ほんの小さな風の塊をぶつける攻撃魔法の『風弾』

風の圧力を使う防御魔法の『風壁』を身につけていた。


勉強して身体を鍛えていても、リオネルには『致命的な弱点』があった。


リオネルの通う魔法学校において、魔物との実戦訓練は各自の任意で行われる。

生徒達は、教官役に騎士、兵士、冒険者などを選任し、雇用。

有償で指導を受けながら戦うのだ。

 

しかしリオネルは、魔物との実戦訓練はまだ未経験だった。


あまりにも悲惨な学校の成績に実家が呆れ、教官の雇用費用を出して貰えない事もあったが……

自身がひどく『怖がりな性格』であり、自ら戦う意欲にも欠けていた。


この『意気地のなさ』も、リオネルの成績が、中々アップしない理由のひとつになっていたのである。


さてさて!

今日は……特別な日、『スキル』授与の日だ。


この世界の『スキル』とは、全宇宙を司る絶対神、創世神から授かる『特技』である。

この創世神を信仰する創世神教会が、この世界において最も信仰される『世界宗教』なのである。


スキル授与とは……

一般人の場合は基本的に20歳くらいまでに不定期にて、

『心の内なる声』から告げられて、

『何らかのスキル』をひとつ授かるといわれている。

残念な事に、中には「授からない者も居る」らしい。


一般人より魔力が高い、魔法学校に通う魔法使いの場合、『特別な儀式』が行われる。

卒業と同時に、創世神教会の司祭から、『何らかのスキル』を、

やはり『ひとつだけ』授かるのだ。


リオネルは今日「うきうき」していた。

彼が使う『風弾』『風壁』は威力が小さく、敵を撹乱するくらいしか役に立たない。

それゆえ、これから授かるスキルに、大いに期待していたからだ。


否、期待するというより、己の人生をこのスキル授与に賭けていた。


「そんなのはとても甘い考え方だ」と自分でも分かっている。


しかし……

現状で、どうあがいても先が見えない最底辺の人生を「一発逆転!」する為には、

「素晴らしいスキルをゲットする!」しかないのだ。


もしも役に立つスキルを貰えれば、超劣等生のリオネルも、魔物との実戦経験を積んで少しはレベルアップし、1人前、否、半人前の魔法使いくらいになれるかもしれない。

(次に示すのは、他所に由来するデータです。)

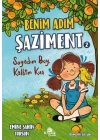 Benim Adım Şaziment 2 - Soyadım Bey, Kalbim Kuş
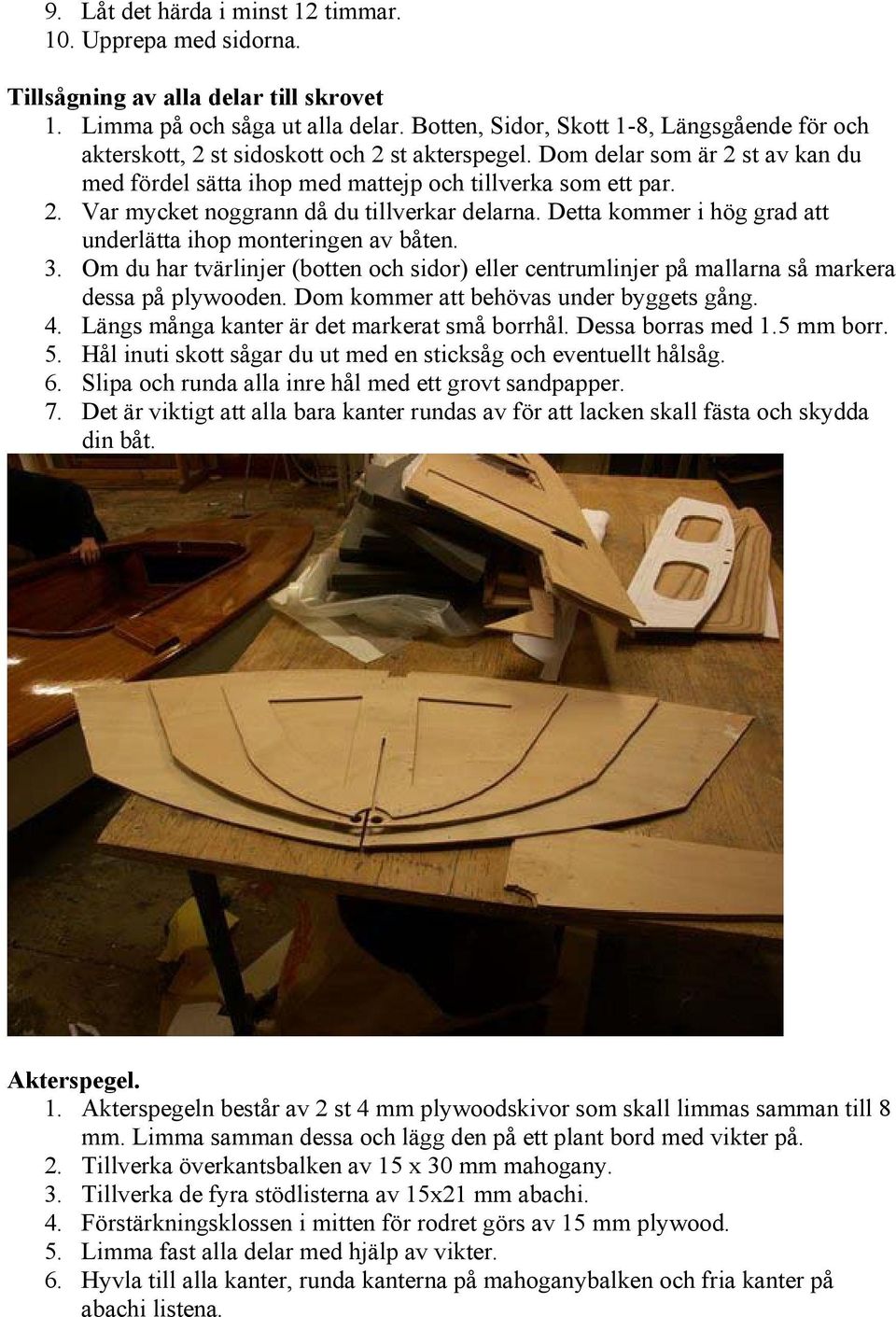 Detta kommer i hög grad att underlätta ihop monteringen av båten. 3. Om du har tvärlinjer (botten och sidor) eller centrumlinjer på mallarna så markera dessa på plywooden.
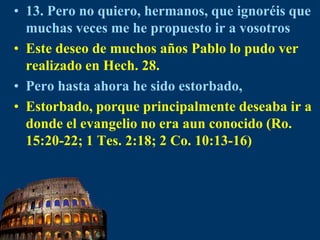 13. Pero no quiero, hermanos, que ignoréis que muchas veces me he propuesto ir a vosotrosEste deseo de muchos años Pablo lo pudo ver realizado en Hech. 28.Pero hasta ahora he sido estorbado,Estorbado, porque principalmente deseaba ir a donde el evangelio no era aun conocido (Ro. 15:20-22; 1 Tes. 2:18; 2 Co. 10:13-16)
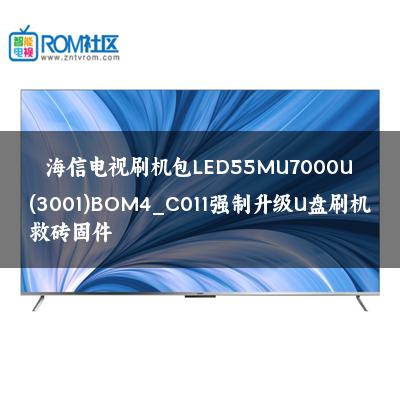 海信电视刷机包LED55MU7000U(3001)BOM4_C011强制升级U盘刷机救砖固件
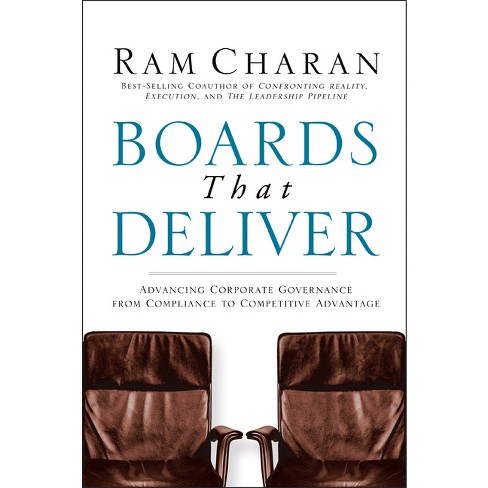 Boards That Deliver - (Jossey-Bass Leadership) by  Ram Charan (Hardcover) - image 1 of 1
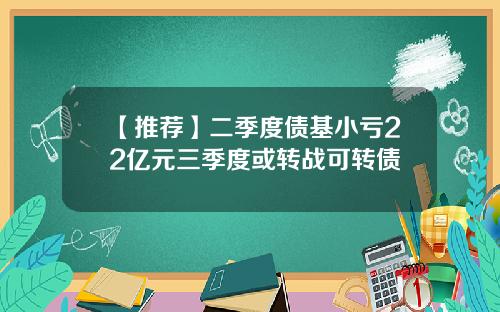 【推荐】二季度债基小亏22亿元三季度或转战可转债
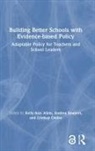 Kelly-Ann (Monash University Allen, Kelly-Ann Allen, Lindsay Oades, Oades Lindsay, Andrea Reupert, Reupert Andrea - Building Better Schools With Evidence-Based Policy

陰キャで意気地なしのリオネルに対し、級友以外にも口撃は酷かった。

血がつながった肉親の家族でさえ、リオネルを思い切り馬鹿にし、さげすんでいたのだ。


もしも『何らかのスキル』が『そこそこ』のモノならば……

リオネルの、限りなくゼロに近い無才を嘆く高位魔法使いの父や、超が付くエリートの兄達からバカにされる事もなくなるかも……しれない。


『特別な儀式』によるスキルの授与は……

創世神教会の魔法水晶の中に、授けられたスキルが映り、司祭が確認、

厳かに告げるという形だ。


ちなみに、個人情報保護の為、授与を行う部屋は……

リオネルと司祭とふたりきりである。


スキル授与を告げる司祭は、創世神教会の戒律、王国の法律で……

その個人が与えられたスキルを、他者へ絶対に漏らしてはいけない事となっていた。

但し授けられたら『本人の判断』『自己責任』で、他者へ伝えても構わないことにはなっている。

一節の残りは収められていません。